Neither consequence was ever fully realized in Old Testament times. While Israelites were killed by the tens of thousands by the Babylonians prior to the Babylonian Exile, other Israelites were taken into captivity and were ultimately allowed to return to rebuild Jerusalem. Yahweh always looked for a remnant to restore Israel rather than electing to destroy it totally.
And while the ten tribes of the north were obliterated, the two southern tribes were allowed to continue. Again, the idea was punishment as a means of restoration rather than obliteration.
DEUTERONOMY 30:19-20. CHOOSE LIFE SO THAT YOU MAY LIVE
19I call heaven and earth to witness against you this day, that I have set before you life and death, the blessing and the curse: therefore choose life, that you may live, you and your seed; 20to love Yahweh your God, to obey his voice, and to cling to him; for he is your life, and the length of your days; that you may dwell in the land which Yahweh swore to your fathers, to Abraham, to Isaac, and to Jacob, to give them.
“I call heaven and earth to witness against you this day, that I have set before you life and death, the blessing and the curse“ (v. 19a). Calling witnesses serves to emphasize the importance of what Moses is saying. Most Near Eastern people would call the gods of the first party and the gods of the second party to serve as witnesses, but that would hardly do for Israel. Instead, Moses invokes heaven and earth—Yahweh’s creation—to serve as witnesses. Moses calls them to witness the fact that he has offered Israel a clear choice—a choice between life and death—between blessings and curses. If the Israelites fail to make the right choice, no one can say that Moses failed to warn them. No one can accuse him of spiritual malpractice.

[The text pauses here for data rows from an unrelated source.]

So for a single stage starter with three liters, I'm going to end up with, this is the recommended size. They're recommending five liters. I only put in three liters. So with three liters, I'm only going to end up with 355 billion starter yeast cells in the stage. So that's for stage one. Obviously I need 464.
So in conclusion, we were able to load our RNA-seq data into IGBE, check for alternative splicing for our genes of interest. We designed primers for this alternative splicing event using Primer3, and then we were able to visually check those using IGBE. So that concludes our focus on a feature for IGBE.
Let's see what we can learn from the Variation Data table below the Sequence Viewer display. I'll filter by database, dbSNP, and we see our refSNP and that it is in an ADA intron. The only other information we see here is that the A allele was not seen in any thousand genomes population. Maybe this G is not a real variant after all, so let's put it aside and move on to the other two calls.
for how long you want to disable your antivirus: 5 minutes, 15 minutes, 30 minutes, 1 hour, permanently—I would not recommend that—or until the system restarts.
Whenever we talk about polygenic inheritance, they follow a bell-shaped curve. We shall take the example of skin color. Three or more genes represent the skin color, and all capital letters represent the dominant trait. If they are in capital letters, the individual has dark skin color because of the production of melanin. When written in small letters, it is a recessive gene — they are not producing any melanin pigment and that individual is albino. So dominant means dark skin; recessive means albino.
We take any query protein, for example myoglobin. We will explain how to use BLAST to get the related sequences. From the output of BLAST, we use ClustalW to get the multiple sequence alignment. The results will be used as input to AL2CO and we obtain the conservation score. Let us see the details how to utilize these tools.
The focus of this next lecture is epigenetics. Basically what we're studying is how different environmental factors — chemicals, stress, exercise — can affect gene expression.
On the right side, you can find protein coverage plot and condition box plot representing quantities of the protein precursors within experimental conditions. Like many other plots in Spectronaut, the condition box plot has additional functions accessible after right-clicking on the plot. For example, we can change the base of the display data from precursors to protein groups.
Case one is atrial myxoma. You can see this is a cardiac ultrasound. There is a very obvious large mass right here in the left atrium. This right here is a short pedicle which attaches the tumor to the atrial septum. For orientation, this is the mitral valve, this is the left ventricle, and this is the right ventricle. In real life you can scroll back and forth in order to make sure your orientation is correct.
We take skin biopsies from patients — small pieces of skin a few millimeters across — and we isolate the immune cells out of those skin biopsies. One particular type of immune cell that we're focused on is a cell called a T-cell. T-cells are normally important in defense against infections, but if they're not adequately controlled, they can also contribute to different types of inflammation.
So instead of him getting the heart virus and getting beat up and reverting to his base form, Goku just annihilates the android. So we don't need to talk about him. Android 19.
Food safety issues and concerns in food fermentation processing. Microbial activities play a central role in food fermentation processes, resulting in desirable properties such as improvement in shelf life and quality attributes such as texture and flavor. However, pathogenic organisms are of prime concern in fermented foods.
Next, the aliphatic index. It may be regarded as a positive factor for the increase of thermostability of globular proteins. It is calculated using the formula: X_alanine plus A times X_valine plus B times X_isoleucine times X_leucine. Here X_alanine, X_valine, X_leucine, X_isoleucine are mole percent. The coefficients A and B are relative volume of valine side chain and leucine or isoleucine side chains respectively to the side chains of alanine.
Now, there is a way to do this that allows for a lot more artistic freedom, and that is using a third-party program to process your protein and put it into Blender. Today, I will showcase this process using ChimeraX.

“therefore choose life, that you may live, you and your seed; to love Yahweh your God, to obey his voice, and to cling to him; for he is your life, and the length of your days“ (v. 19b – 20a). Now Moses summarizes his call in clear and direct language. “Choose life,” he says. He then makes the point that it is not only the lives of these Israelites but also the lives of their descendants that are as stake.
Once again (see the commentary on verse 16), Moses places the first emphasis on loving God, because loving God will lead to the second imperative, which is to obey God. He promises that this combination (loving and obeying God) will lead to life and length of days.
Those two things (life and length of days) seem redundant, but they are not. Length of days by itself can be a curse instead of a blessing, but a life of faith will always result in blessing, even among people whose lives are otherwise difficult.
“that you may dwell in the land which Yahweh swore to your fathers, to Abraham, to Isaac, and to Jacob, to give them“ (v. 20b). The Israelites are poised to enter the Promised Land, and Yahweh has pledged to give it to them. The question is whether they will be allowed to remain there indefinitely. The answer depends whether they will choose life—loving and obeying Yahweh. If they do that, Yahweh will insure their future. If they do not, they will lose their heritage.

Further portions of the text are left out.